AARoads Forum

Please login or register.

Login with username, password and session length
Advanced search  

News:

New rules to ensure post quality. See this thread for details.

Author Topic: I-240 extension in Oklahoma City  (Read 33658 times)

Scott5114

  • *
  • *
  • Offline Offline

  • Posts: 18456
  • Nit picker of unprecedented pedantry

  • Age: 33
  • Location: Norman, OK
  • Last Login: Today at 05:06:35 PM
    • Denexa 100% Plastic Playing Cards
Re: I-240 extension in Oklahoma City
« Reply #50 on: August 02, 2021, 02:08:50 PM »

Quote from: Tim Gatz, ODOT director
If you look at the Interstate 240 designation on the loop around the Oklahoma City metropolitan area, we are finally to the point where we have a truly contiguous route there that can shoulder the burden of some of that transportation need in a loop format. That's common practice across the country, and you'll see that in many of the metropolitan areas, and that update will really be beneficial as far as everything from signage to how do you describe that route on a green-and-white sign.
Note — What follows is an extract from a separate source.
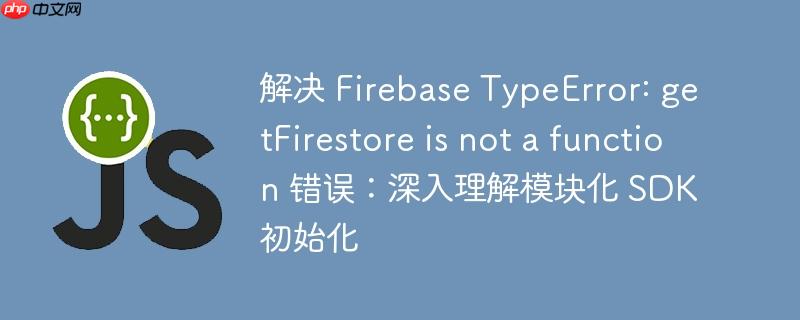 解决 Firebase TypeError: getFirestore is not a function 错误：深入理解模块化 SDK 初始化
Truly spoken like a man who holds a degree in landscape architecture.
Logged

SkyPesos

  • *
  • Offline Offline

  • Posts: 4884
  • Age: 20
  • Location: Cincinnati, OH/Lafayette, IN
  • Last Login: June 03, 2023, 10:27:25 PM
Re: I-240 extension in Oklahoma City
« Reply #51 on: August 02, 2021, 02:12:45 PM »

I have a feeling that I-240 would go through some of the same problems I-275 has in terms of functioning like a beltway...

I-35

  • *
  • Offline Offline

  • Posts: 59
  • Location: Dallas
  • Last Login: June 02, 2023, 10:34:41 AM
Re: I-240 extension in Oklahoma City
« Reply #52 on: August 02, 2021, 02:22:46 PM »

How are mile markers and exit numbering going to work with this scheme?  I assume the 'follow' routes will retain their original numbers, and perhaps the discrete portions will be based off the distance from the existing 240 mileage scheme starting at 44/Lawton junction being Exit 1A/MM 0.0.
Logged

SkyPesos

  • *
  • Offline Offline

  • Posts: 4884
  • Age: 20
  • Location: Cincinnati, OH/Lafayette, IN
  • Last Login: June 03, 2023, 10:27:25 PM
Re: I-240 extension in Oklahoma City
« Reply #53 on: August 02, 2021, 02:52:59 PM »

How are mile markers and exit numbering going to work with this scheme?  I assume the 'follow' routes will retain their original numbers, and perhaps the discrete portions will be based off the distance from the existing 240 mileage scheme starting at 44/Lawton junction being Exit 1A/MM 0.0.
Normally, beltways have the mile markers start at an intersection with an interstate on the south side (in this case, OK 152 and I-44), and increase clockwise. Looks like I-240 may be starting at around the same point, but going clockwise instead so it uses its current exit numbers. In this case, possible exit numbers:

22 - I-40 and Kickapoo
40 - I-44 and Kickapoo
54 - I-35/I-44 and Kilpatrick
63 - OK 77 and Kilpatrick
79 - I-40 and Kilpatrick
90 - I-44 and OK 152

The Ghostbuster

  • *
  • Offline Offline

  • Posts: 3982
  • Age: 38
  • Location: Madison, WI
  • Last Login: Today at 04:08:29 PM
Re: I-240 extension in Oklahoma City
« Reply #54 on: August 02, 2021, 06:30:08 PM »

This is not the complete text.